Transcribe the records below exactly as they appear, omitting any pictures.

*** TASK INPUT ***

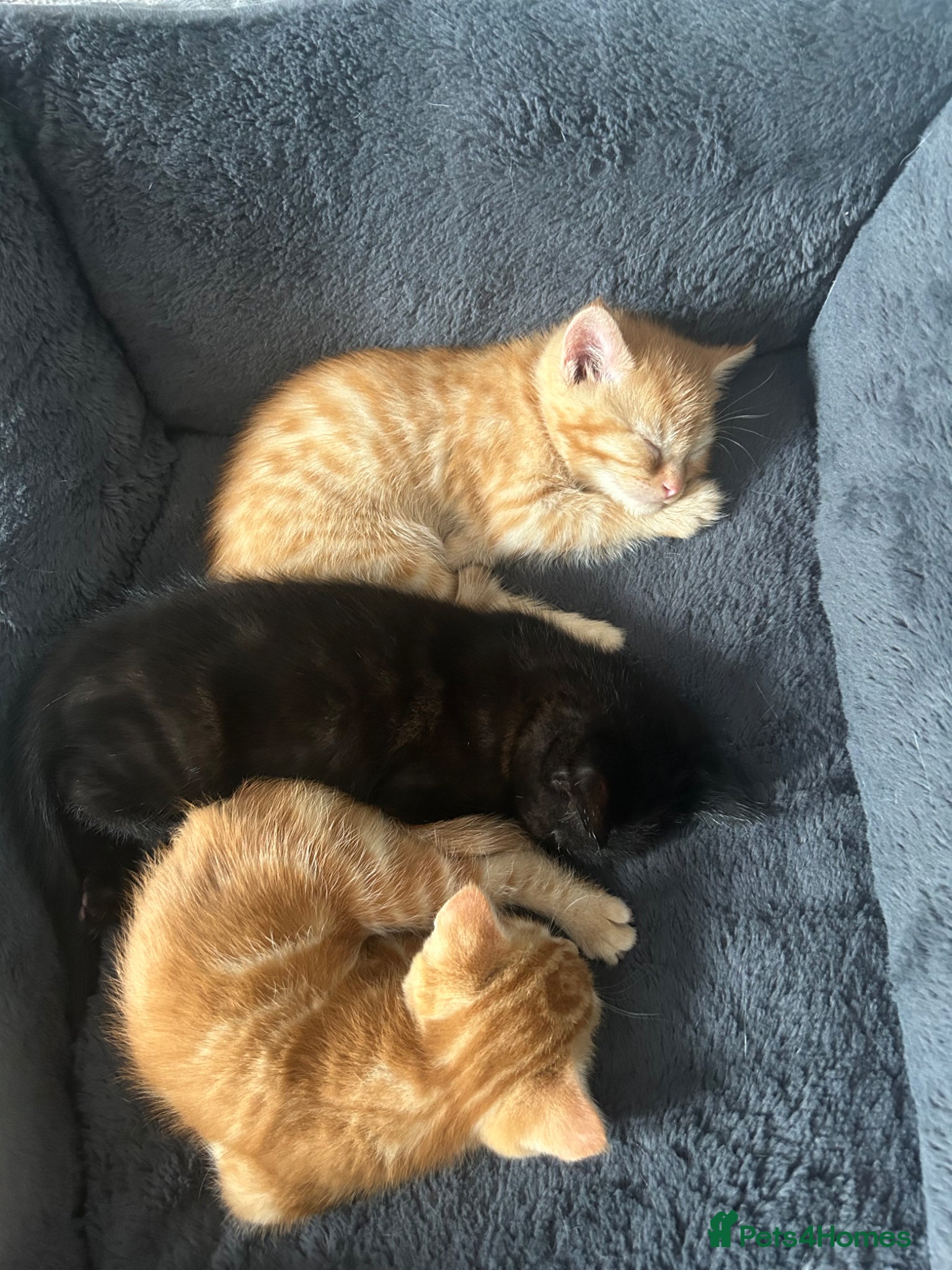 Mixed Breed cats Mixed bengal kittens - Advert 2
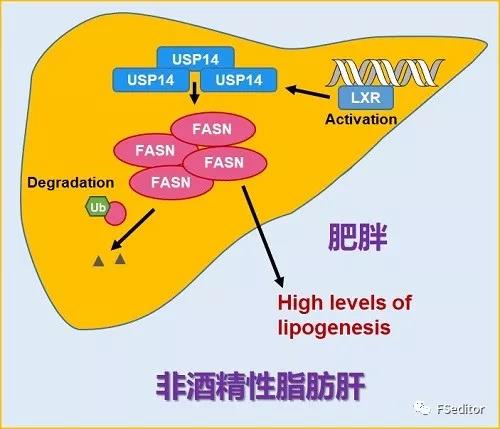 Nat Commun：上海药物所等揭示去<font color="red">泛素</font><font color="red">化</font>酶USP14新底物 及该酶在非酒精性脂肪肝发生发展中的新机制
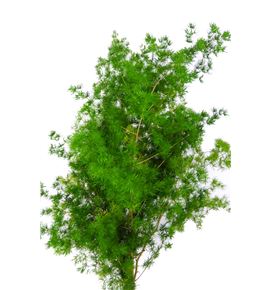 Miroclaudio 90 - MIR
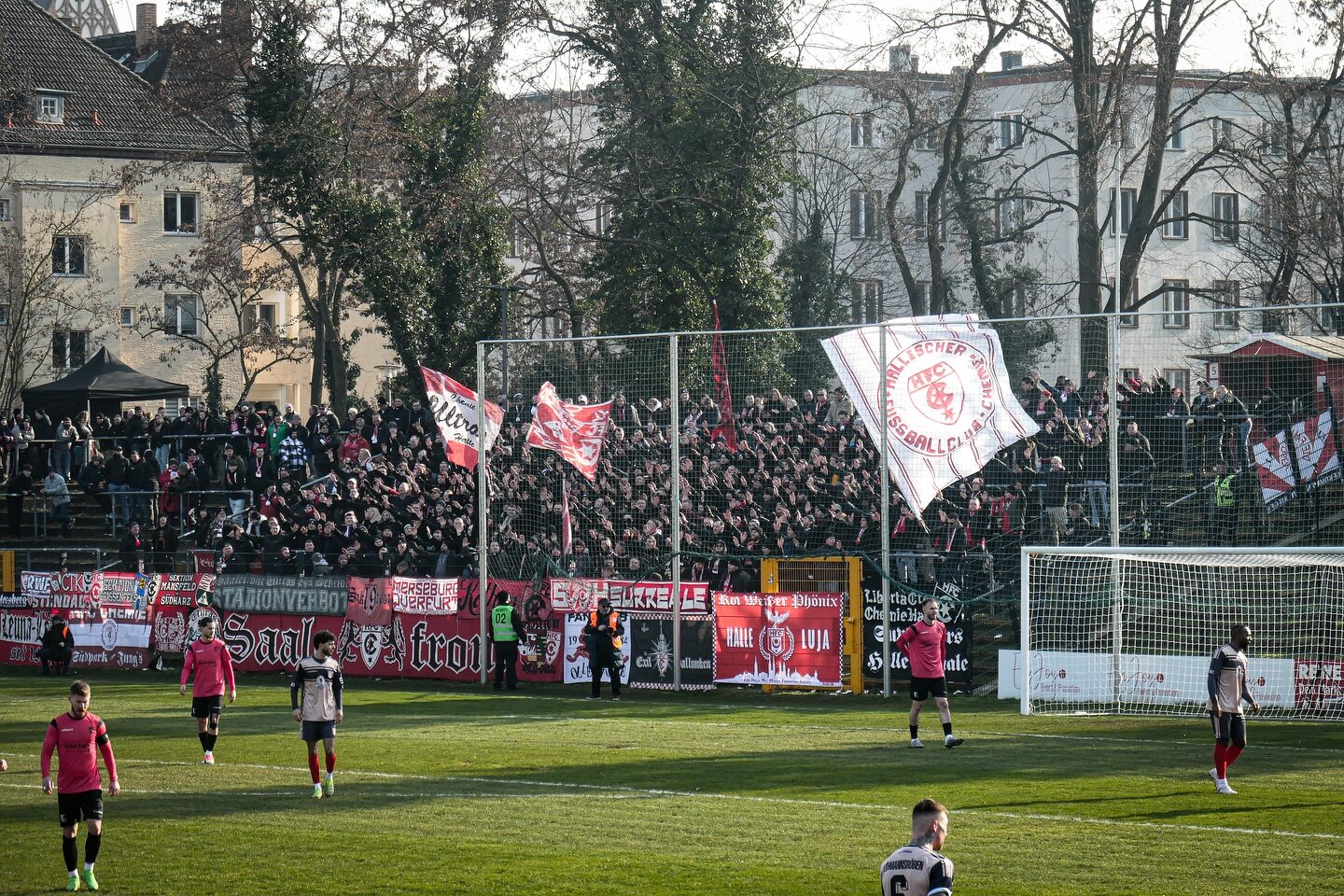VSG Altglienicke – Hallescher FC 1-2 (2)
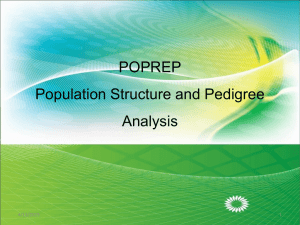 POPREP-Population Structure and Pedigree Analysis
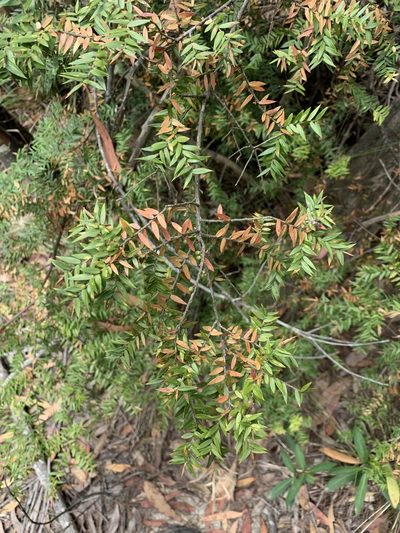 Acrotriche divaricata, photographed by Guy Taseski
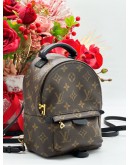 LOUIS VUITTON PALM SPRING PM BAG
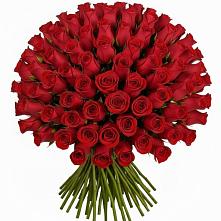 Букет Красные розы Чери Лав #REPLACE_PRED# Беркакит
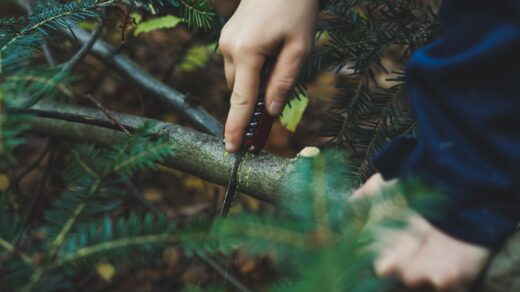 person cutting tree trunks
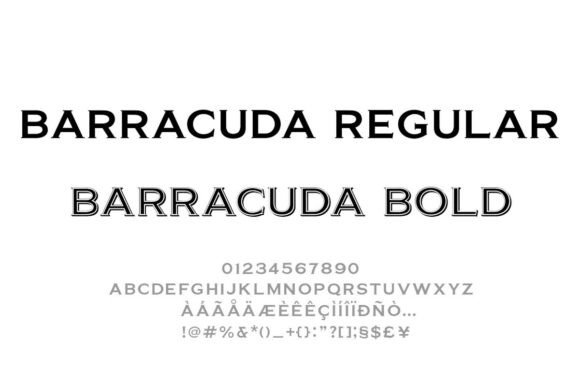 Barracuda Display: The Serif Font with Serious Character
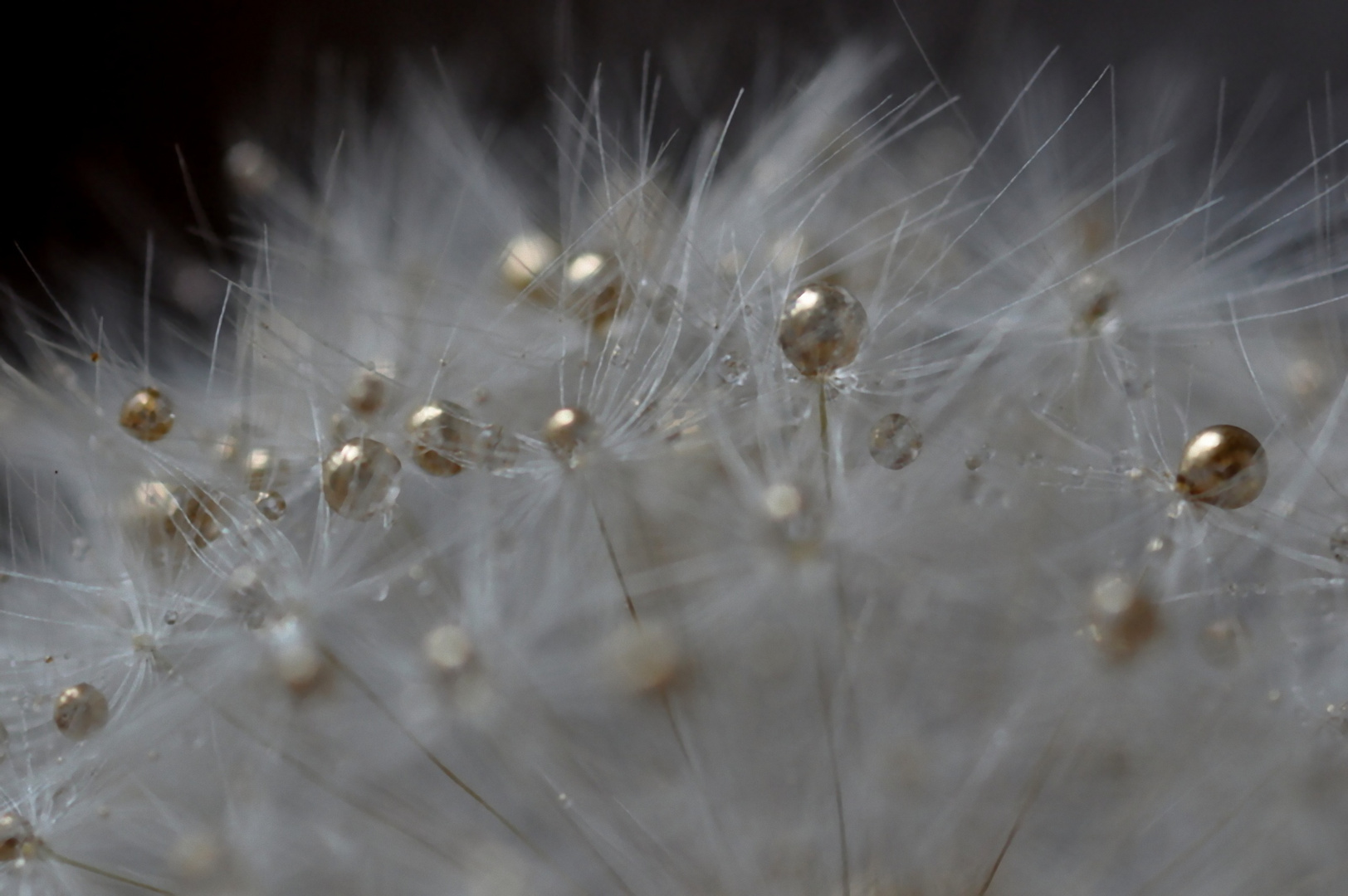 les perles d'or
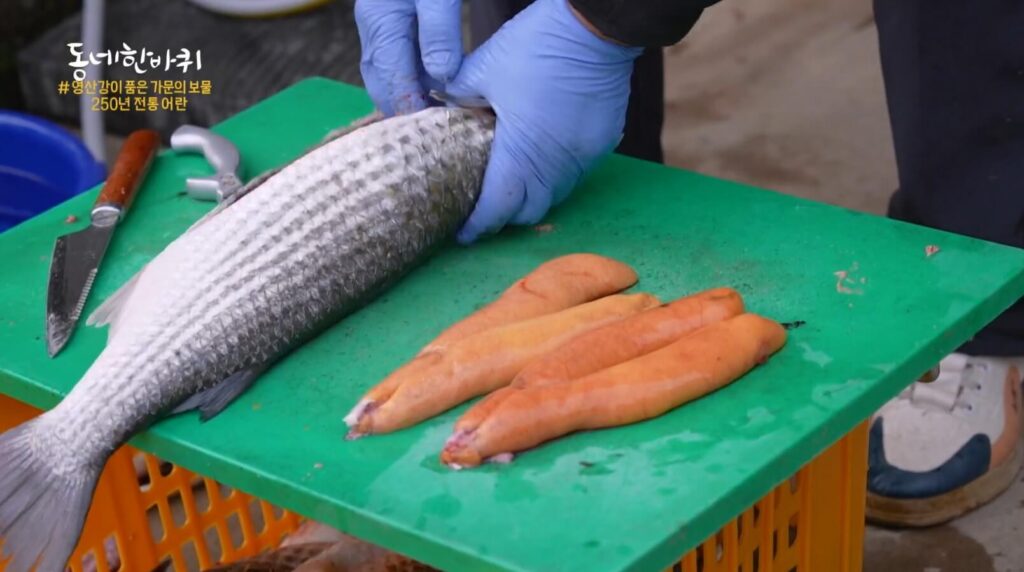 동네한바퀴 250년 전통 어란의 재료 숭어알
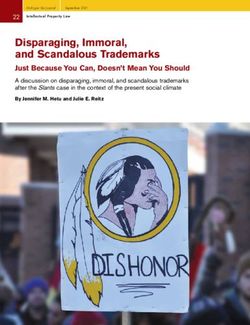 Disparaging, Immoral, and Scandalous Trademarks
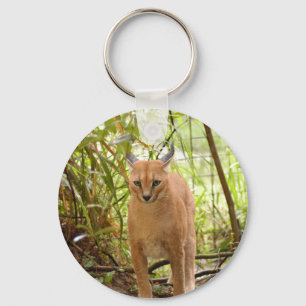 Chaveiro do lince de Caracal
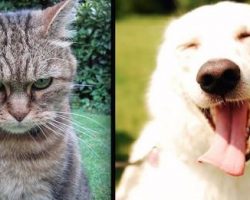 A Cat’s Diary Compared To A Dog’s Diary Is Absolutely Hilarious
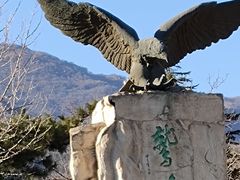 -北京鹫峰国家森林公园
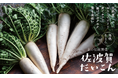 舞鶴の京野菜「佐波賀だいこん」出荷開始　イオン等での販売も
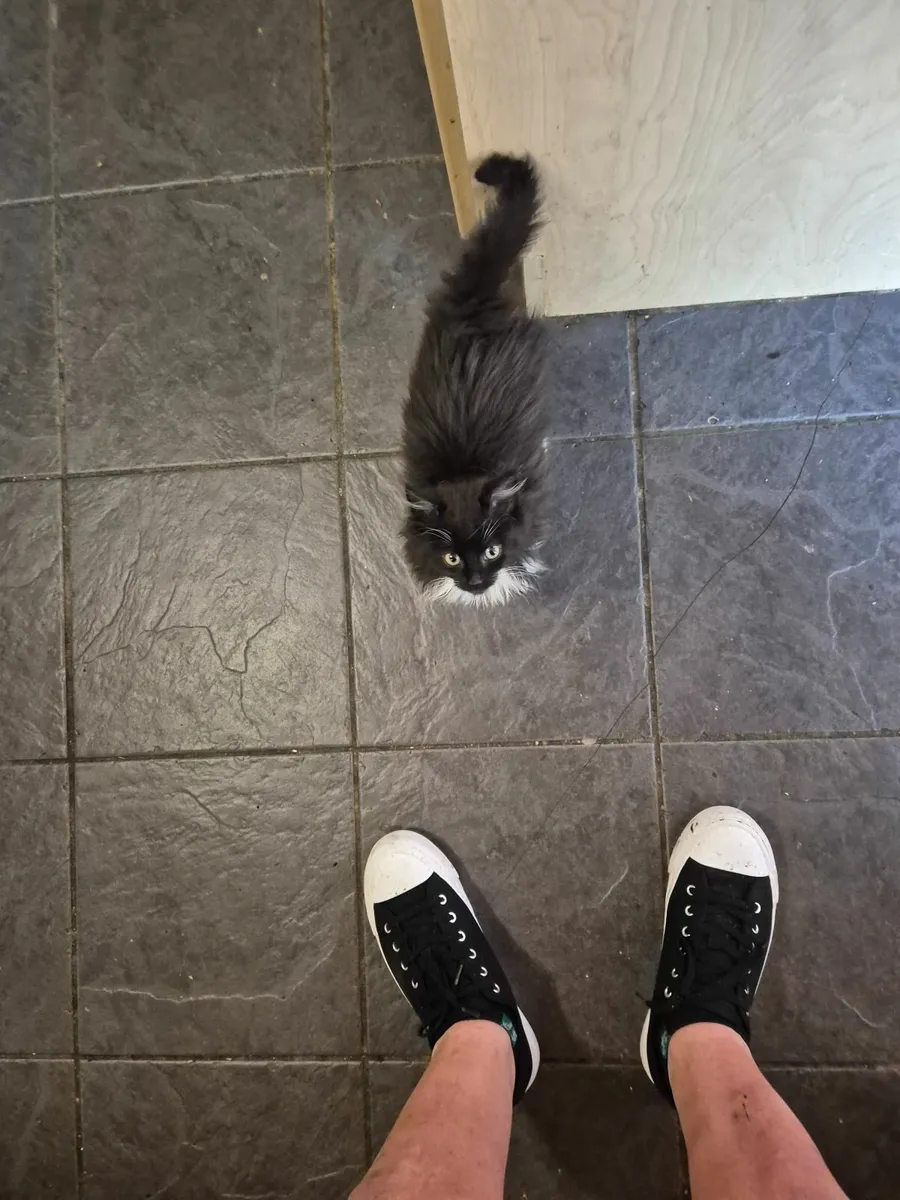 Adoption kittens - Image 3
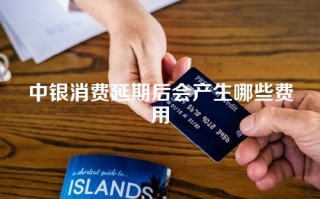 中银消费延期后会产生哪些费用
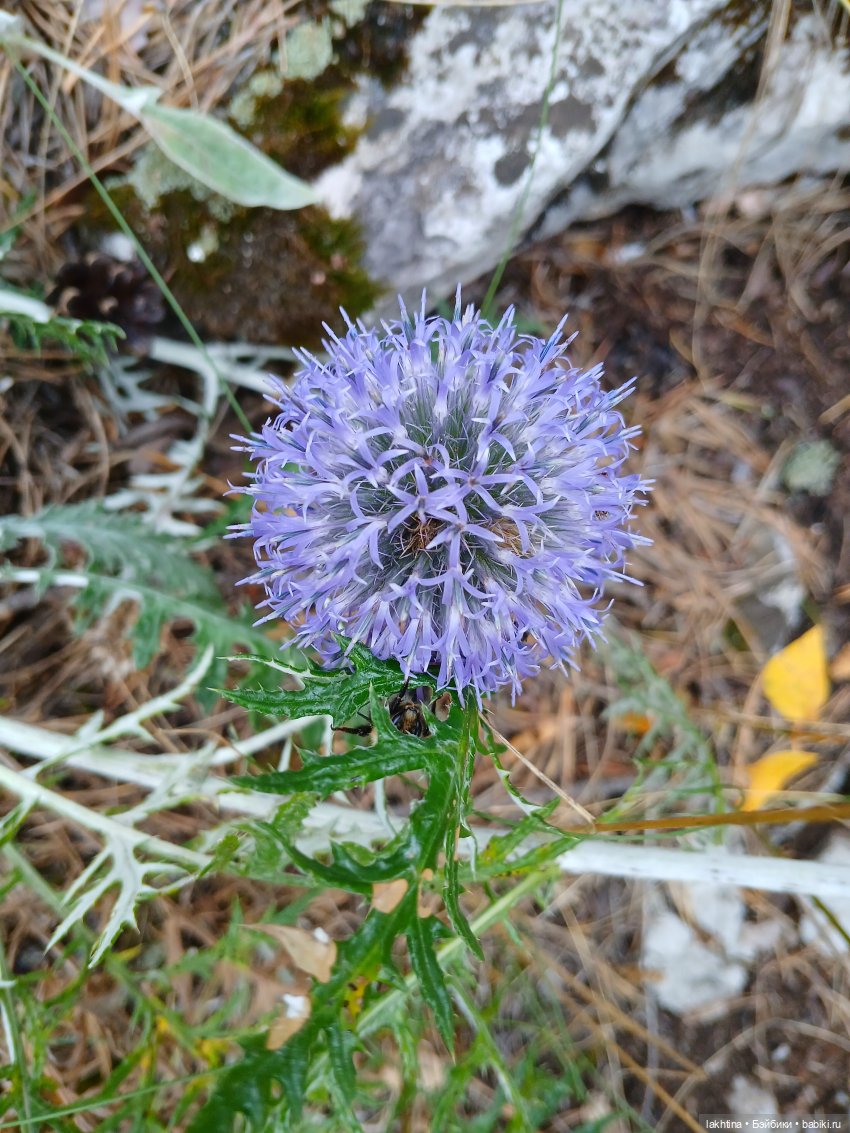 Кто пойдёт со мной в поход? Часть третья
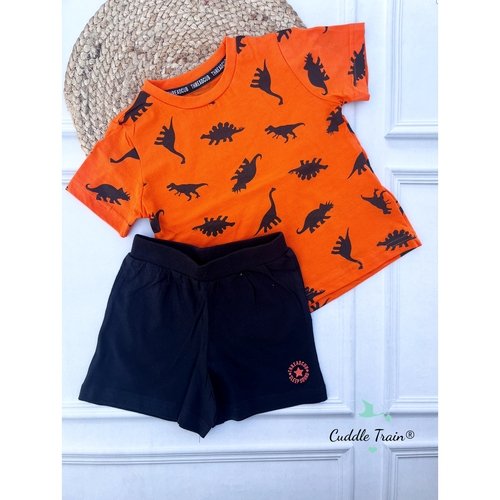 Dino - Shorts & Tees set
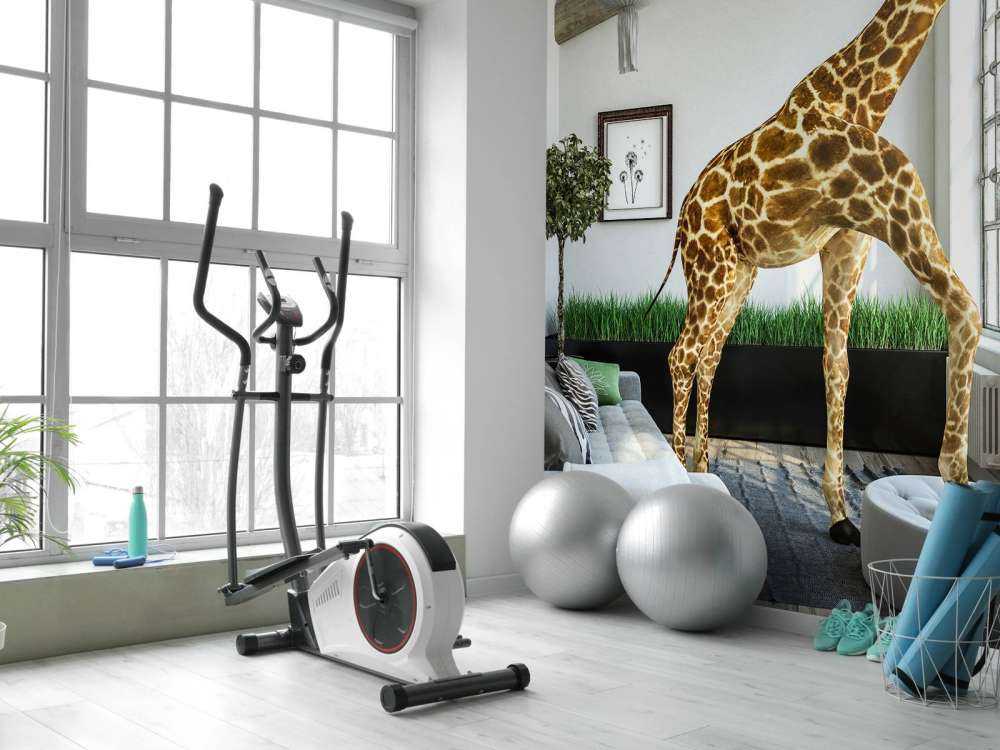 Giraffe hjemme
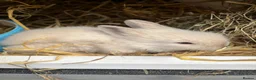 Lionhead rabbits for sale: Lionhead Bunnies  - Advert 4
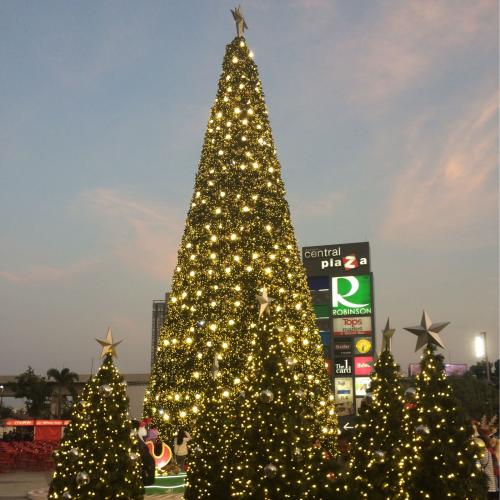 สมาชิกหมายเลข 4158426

*** End of TASK INPUT ***

**WRITTEN RESPONSE**
 Mixed Breed cats Mixed bengal kittens - Advert 2
 Nat Commun：上海药物所等揭示去<font color="red">泛素</font><font color="red">化</font>酶USP14新底物 及该酶在非酒精性脂肪肝发生发展中的新机制
 Miroclaudio 90 - MIR
VSG Altglienicke – Hallescher FC 1-2 (2)
 POPREP-Population Structure and Pedigree Analysis
 Acrotriche divaricata, photographed by Guy Taseski
 LOUIS VUITTON PALM SPRING PM BAG
 Букет Красные розы Чери Лав #REPLACE_PRED# Беркакит
 person cutting tree trunks
 Barracuda Display: The Serif Font with Serious Character
 les perles d'or
 동네한바퀴 250년 전통 어란의 재료 숭어알
 Disparaging, Immoral, and Scandalous Trademarks
 Chaveiro do lince de Caracal
 A Cat’s Diary Compared To A Dog’s Diary Is Absolutely Hilarious
 -北京鹫峰国家森林公园
 舞鶴の京野菜「佐波賀だいこん」出荷開始　イオン等での販売も
 Adoption kittens - Image 3
 中银消费延期后会产生哪些费用
 Кто пойдёт со мной в поход? Часть третья
 Dino - Shorts & Tees set
 Giraffe hjemme
 Lionhead rabbits for sale: Lionhead Bunnies  - Advert 4
 สมาชิกหมายเลข 4158426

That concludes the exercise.